*** Spoilers Ahead – Proceed with Caution **
Seeing triple? No, you haven’t had too much eggnog, you’re simply watching Vanessa Hudgens play all three characters on The Princess Switch sequel, The Princess Switch: Switched Again.
But you should probably keep drinking the eggnog (or mulled wine, if that’s what you prefer) to celebrate this impressively crafted, cheesy holiday masterpiece.
It’s rare that a sequel is better than the original, but that’s the case with Switched Again, which finds Stacy and Lady Margaret doing as the title says and once again switching places to pursue romantic endeavors. And it’s even better than the last time!
It’s a proper modern fairytale that has it all: a kidnapping, a coronation, a triple switcheroo, and finally, a royal wedding.
While the two-year wait for a follow-up may have been long, it was worth it. There’s nothing better than when a film takes its time to deliver a quality product rather than one made simply to appease fans.
As with every holiday film, you have to be open to receive it. The sequel continues to thrive in its own absurdity, which is what made the first film such a success.
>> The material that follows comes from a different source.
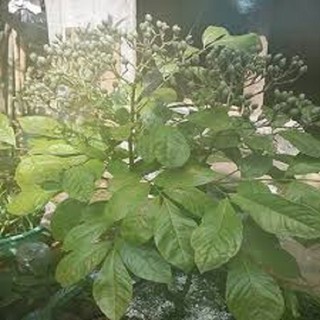 CÂY GIỐNG CÂY HÚNG VỊT ( CÂY CHANH CHÓ, CÂY THÁI GẤU ,CÂY HÚNG RỪNG )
Some holiday films take themselves too seriously, but The Princess Switch: Switched Again knows the premise is ridiculous and owns it, which makes for some fantastic viewing.
At the kickstart of the film, Stacy laments that happily ever after is never easy, especially for a princess.
As Princess of Belgravia, she understands the struggles, which is why she goes above and beyond to help reconnect Margaret and Kevin, who parted ways roughly six months ago after the former became in line for the throne.
Stacy and Olivia, Kevin’s daughter, aren’t afraid of meddling as they’re of the (correct) midset that sometimes, people just need a little nudge in the right direction.
The film takes audiences on a magical adventure that’s infused with the Christmas spirit and the belief that love can overcome anything, even a self-serving third doppelganger and potential new love interest.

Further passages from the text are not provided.